INFORMATION SUPPLIED ->
◇ ◇ ◇
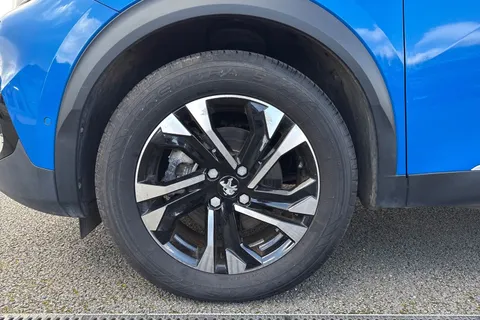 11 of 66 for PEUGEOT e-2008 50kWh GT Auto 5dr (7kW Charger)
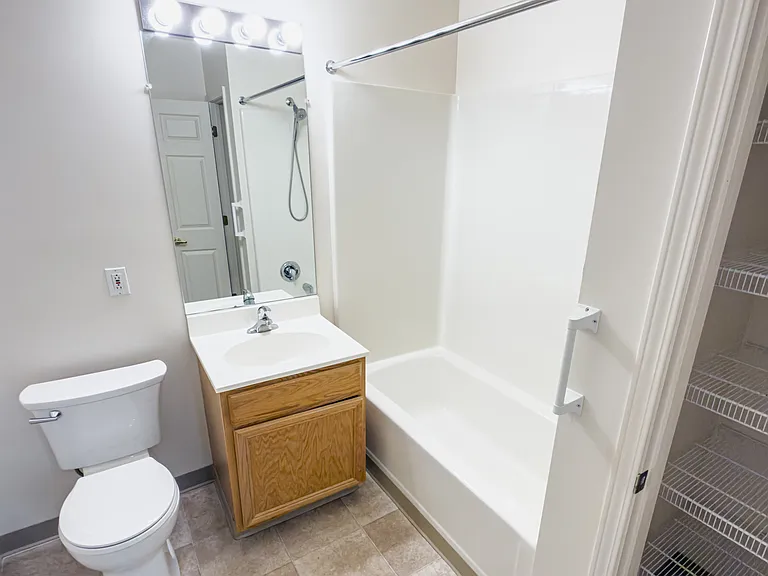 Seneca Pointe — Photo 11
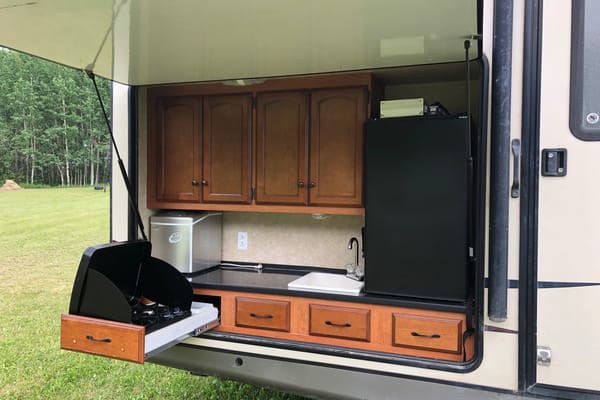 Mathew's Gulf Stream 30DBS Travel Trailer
◇ ◇ ◇
Make an exact copy of the listing above, omitting the pictures.

TASK ANSWER ->
 11 of 66 for PEUGEOT e-2008 50kWh GT Auto 5dr (7kW Charger)
 Seneca Pointe — Photo 11
 Mathew's Gulf Stream 30DBS Travel Trailer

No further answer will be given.